Intel’s glasses do not have cameras, speakers or microphones, although future shipping versions reportedly may contain microphones. They’re non-intrusive, visual and silent.

The wearer sees icons and red text, but only when looking down. Otherwise, the visuals are not visible.

Vaunt glasses should be able to provide walking directions, smart phone notifications and other “lite” forms of information.

They should get 18 hours of battery life, according to Intel.

The glasses can work with prescription or non-prescription glasses. They come in a variety of styles.

Intel plans to launch a beta programme for the glasses this year.

VSP Level
VSP Global has launched what it is calling Level smart glasses. Think of Level glasses as fitness trackers. Instead of a watch or fitness band, however, they’re glasses. Kind of like “Face FitBits.”

The glasses contain a magnetometer, an accelerometer and a gyroscope, and they track movement, from which the included smart phone app can figure out distance, steps, calories burned and other quantified self-data. They also contain a “Find My Glasses” feature.

The most interesting aspect of VSP Level glasses is that they will be sold in the normal channel that serves optometry offices, starting in April in limited US cities.

This is the future of smart glasses. “Smarts” will be a checkbox item whenever you get prescription glasses.

What are smart glasses?
Pundits throw around terms that sometimes confuse more than illuminate.

For example, high-end devices such as Microsoft’s Hololens and Magic Leap’s One glasses are described as “augmented reality glasses” or “mixed reality glasses.” They’re also called “headsets” or “goggles.”

This category of device will for the foreseeable future be expensive, bulky and obtrusive. They will not be products for walking around, but instead will be used in controlled settings. They will specialise in high-definition, 3D virtual animated objects that appear to float in space.

Smart glasses are different, and when they go mainstream they will look almost like ordinary glasses or sunglasses, but will contain batteries and processors.

Smart glasses are for everyday, all-day wear. And their purposes are far less specific in their application. For example, smart glasses may only provide audio, or even blinking-light notifications. Or they could offer heads-up or low-res augmented reality. They might even simply gather data, or offer battery-powered, on-the-fly conversion to sunglasses.

In other words, smart glasses will not be a single thing. They could be tailored to individuals’ needs and do anything. And there will be a category of smart glasses for everyone.

Many users will wear minimalist glasses with microphones and bone conduction speakers for interacting with their virtual assistants.

Others will want glasses that function tomorrow like smartwatches do today: offering notifications and limited control over music, podcasts and phone calls.

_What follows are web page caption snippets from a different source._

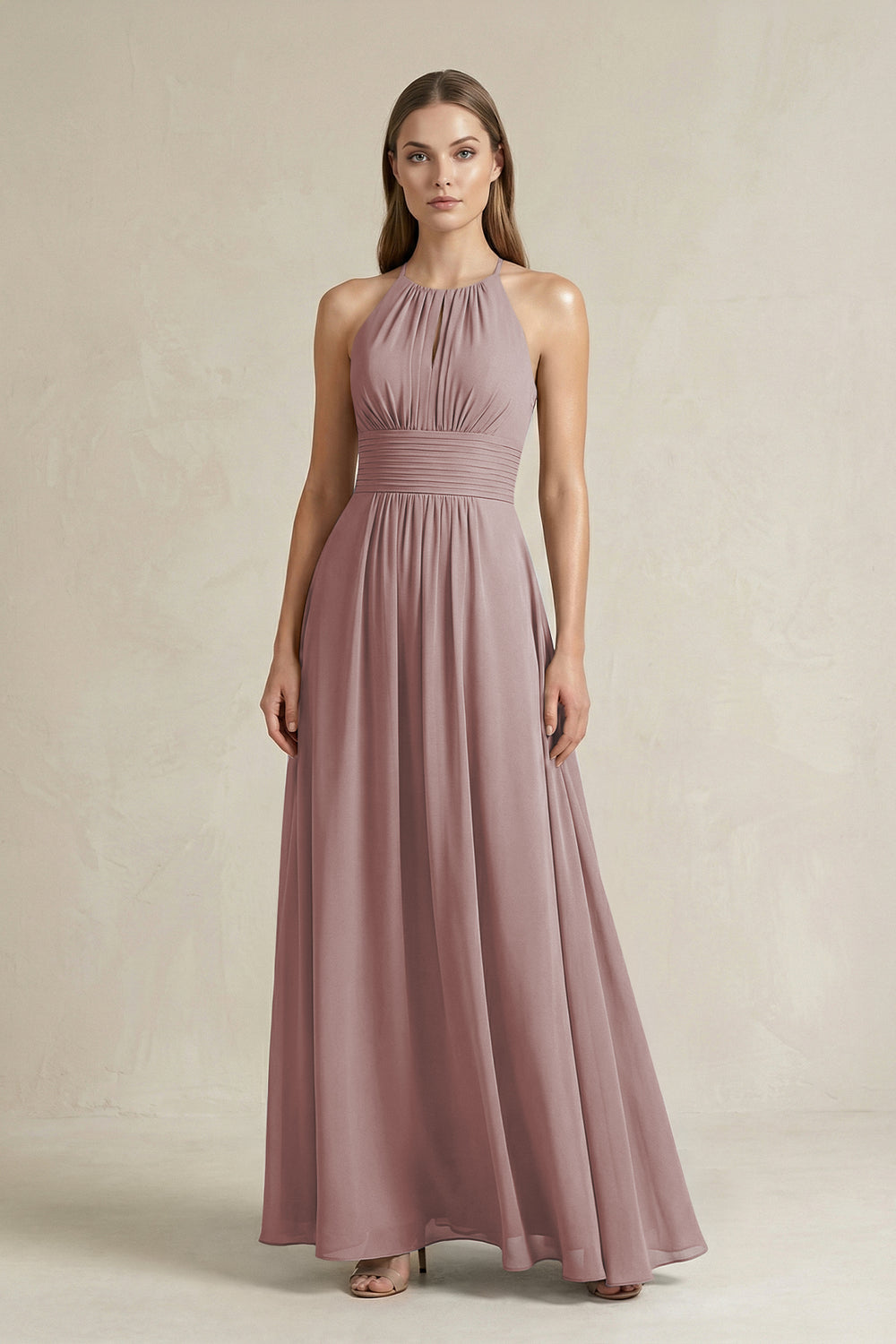 Halter A-Line Chiffon Ankle-Length Bridesmaid Dress in Dusty Rose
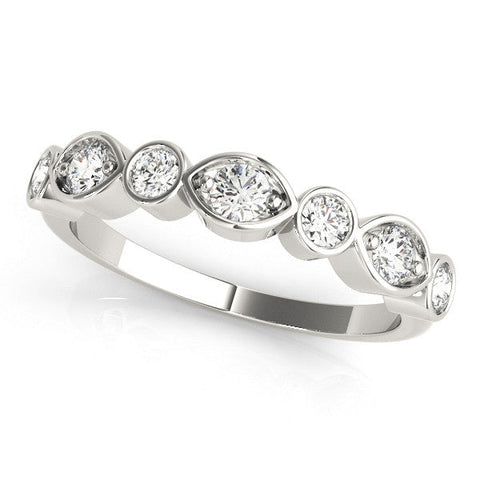 Platinum Bezel Set Mixed Shape Diamond Eternity Band
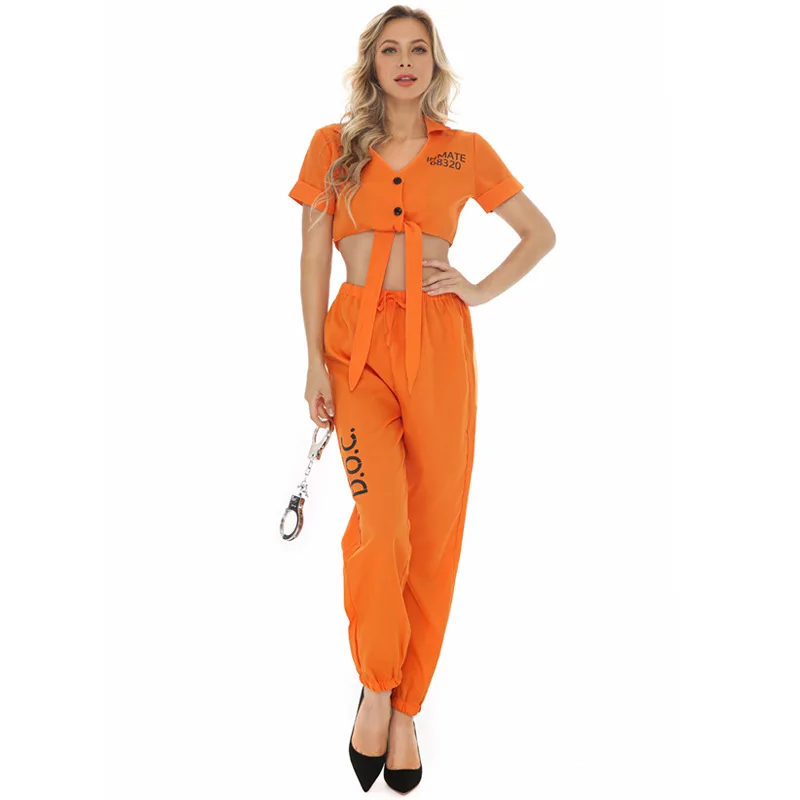 Halloween Prisoner Costume Loose elastic Adult Women's Orange Letter Printed Street Hip-Hop Split Lace-up Shirt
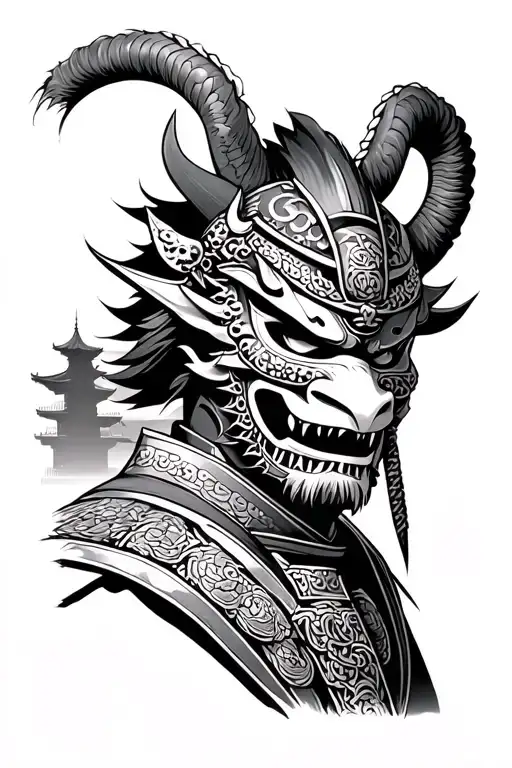There Is A Japanese Samurai Wearing A Demon Mask Against The Background Of European Architecture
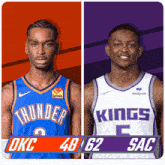 two basketball players from okc and kings are shown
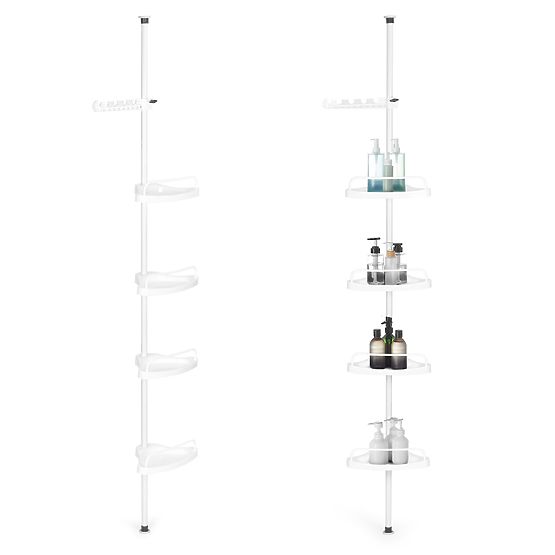 Corner Telescopic Bathroom Shelf with 4 Shelves and Hanger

Still others will do all that plus automatically or manually take pictures and videos, or perform rudimentary AR.

Even blind people will wear smart glasses. A Japanese researcher is crowdfunding “Oton Glass“ glasses for blind, visually impaired, dyslexic and others that translate text into voice.

In fact, it is this extreme variety of function, combined with the necessity of eyewear, that will provide the greatest challenge.

Why BYOG will be such a challenge
We’re facing the prospect of many or most employees carrying semi-concealed sensor bundles (sensors that include cameras and microphones) that connect either via Bluetooth, Wi-Fi or cellular networks and that track location.

It will be difficult or impossible to know which sensors and components are built into which glasses.

And in any event, the banishment of these sensor bundles will be extremely difficult, since they are also required for vision and therefore the basic performance of employees’ jobs. You can ask meeting attendees or R&D visitors to leave their phones in a box outside, but you can’t do that with glasses.

In addition to threats to trade secrets and heightened exposure to hacking, there will be new issues with illicit recordings and captured data between and among employees and by partners, customers and others.

Nobody has the answers to these challenges. But companies that want to stay ahead of the game need to start figuring out solutions sooner rather than later.